** MATERIAL PROVIDED **

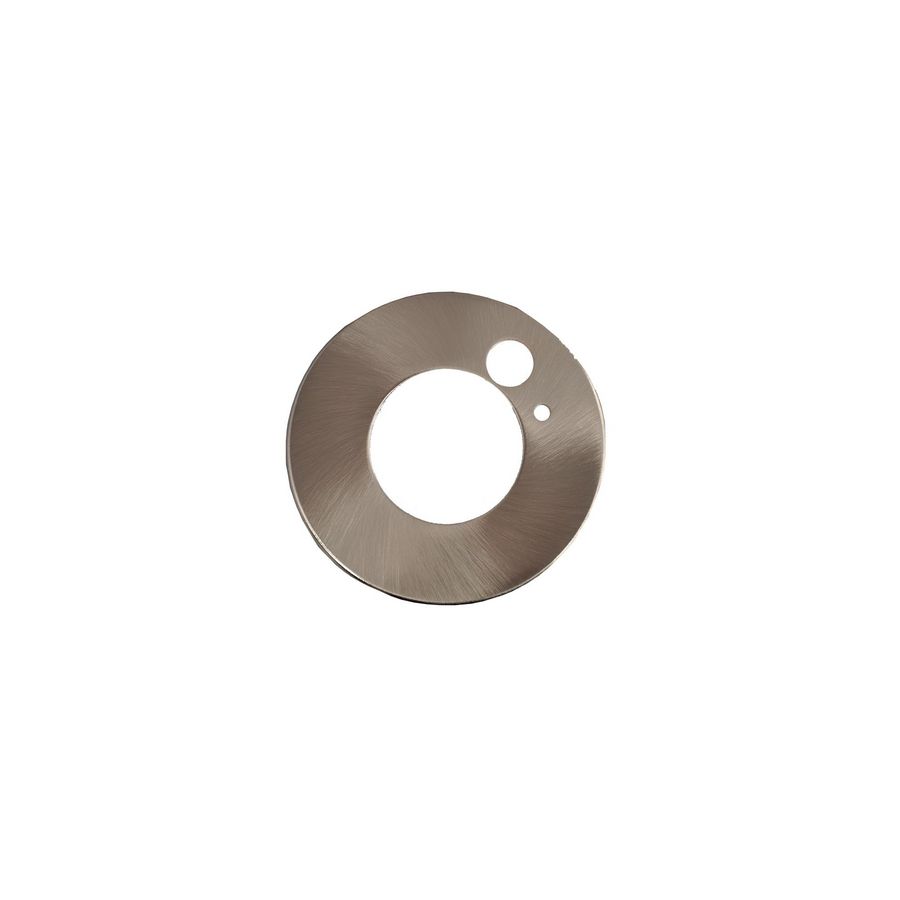 NORA-S Ring/Trim Satin Nickel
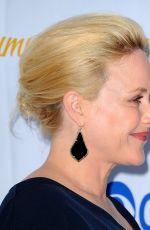 PATRICIA ARQUETTE at 2015 CBS Summer Soiree in West Hollywood
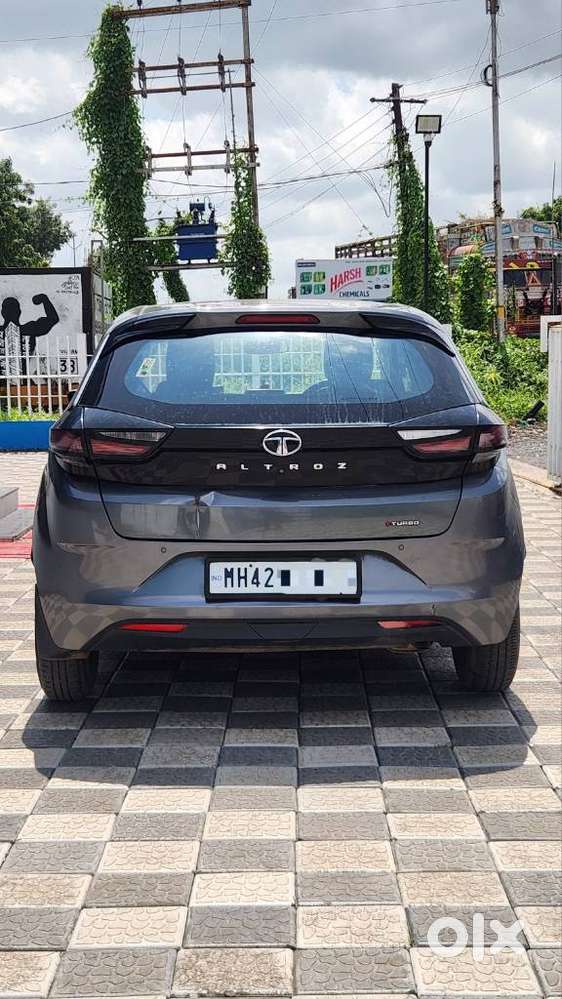 Tata Altroz 1.2 Xt, 2022, Cng & Hybrids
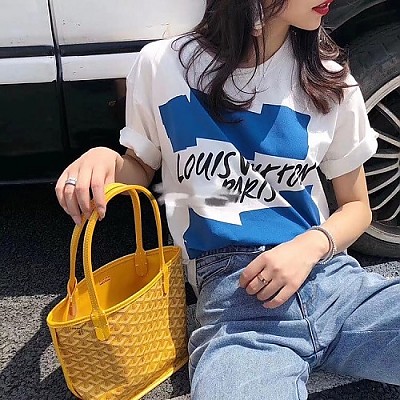 [스페셜오더]GOYARD-고야드 오렌지 MINI ANJOU 미니 앙주백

** ACTIVITY **
The full data, repeated exactly and stripped of its pictures, is the expected answer.

** YOUR RESPONSE **
 NORA-S Ring/Trim Satin Nickel
 PATRICIA ARQUETTE at 2015 CBS Summer Soiree in West Hollywood
 Tata Altroz 1.2 Xt, 2022, Cng & Hybrids
 [스페셜오더]GOYARD-고야드 오렌지 MINI ANJOU 미니 앙주백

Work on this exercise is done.